[gpfsug-discuss] mmfsd segfault/signal 6 on dirop.C:4548 in GPFS 5.0.2.x
IBM Spectrum Scale
scale at us.ibm.com
Wed Aug 21 18:46:40 BST 2019
We do appreciate the feedback. Since Spectrum Scale is a cluster based
solution we do not consider the failure of a single node significant since
the cluster will adjust to the loss of the node and access to the file
data is not lost. It seems in this specific instance this problem was
having a more significant impact in your environment. Presumably you have
installed the available fix and are no longer encountering the problem.

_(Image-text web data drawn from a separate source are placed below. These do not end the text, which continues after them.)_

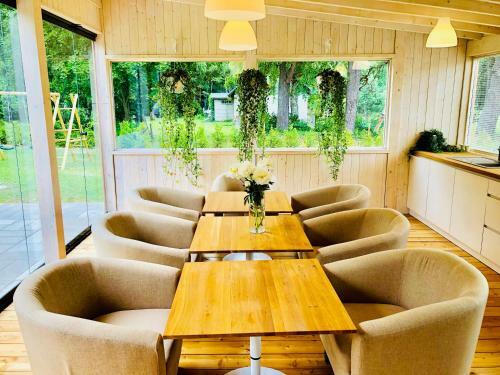 Kassari-nurga Holiday Homes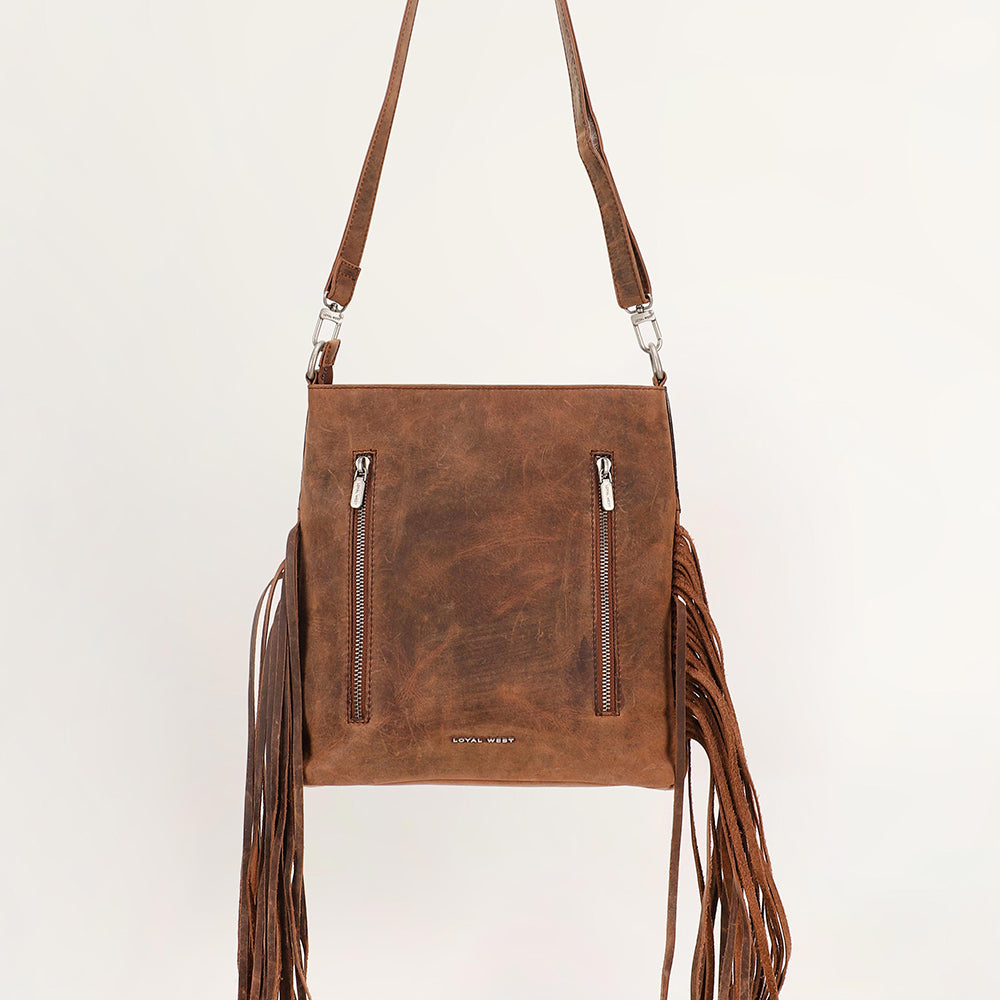 Gloriana Medium Bag Beige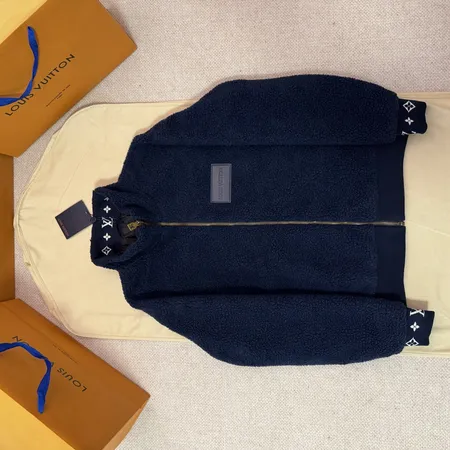 ルイヴィトン ジャケット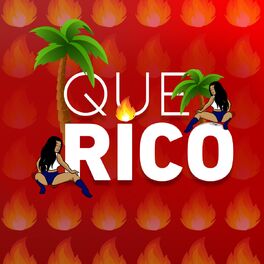 Album cover of Que Rico (feat. Kalido Time, Kalsy Bone & Los de la Nave)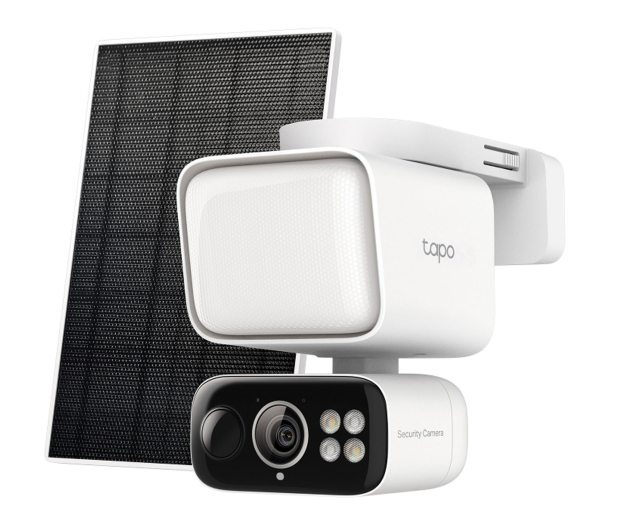 TP-Link Tapo C615F KIT - 1587361 - zdjęcie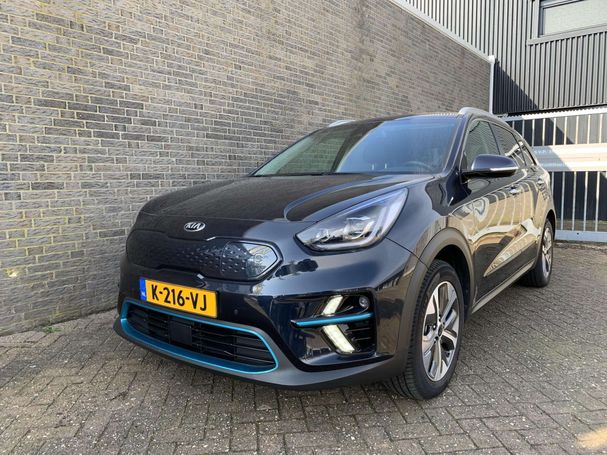 Kia Niro e 64 kWh 150 kW image number 1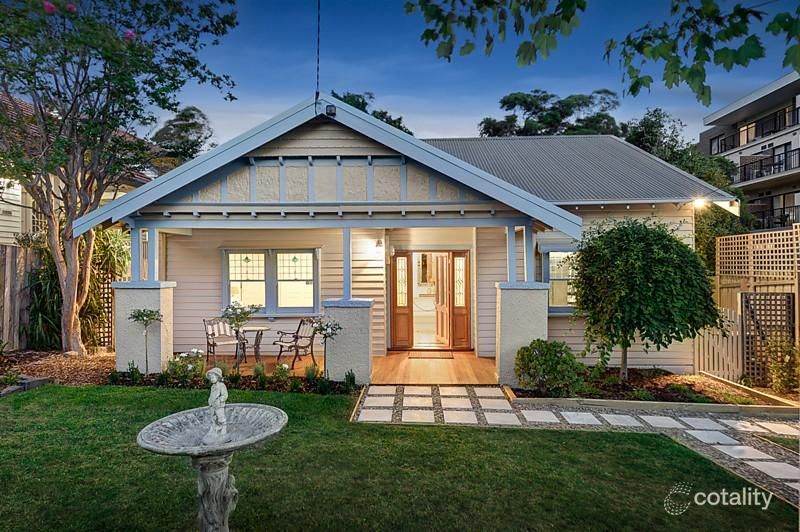 6 Laing St, Mont Albert, VIC 3127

Regards, The Spectrum Scale (GPFS) team
------------------------------------------------------------------------------------------------------------------
If you feel that your question can benefit other users of Spectrum Scale
(GPFS), then please post it to the public IBM developerWroks Forum at
https://www.ibm.com/developerworks/community/forums/html/forum?id=11111111-0000-0000-0000-000000000479
.
If your query concerns a potential software error in Spectrum Scale (GPFS)
and you have an IBM software maintenance contract please contact
1-800-237-5511 in the United States or your local IBM Service Center in
other countries.
The forum is informally monitored as time permits and should not be used
for priority messages to the Spectrum Scale (GPFS) team.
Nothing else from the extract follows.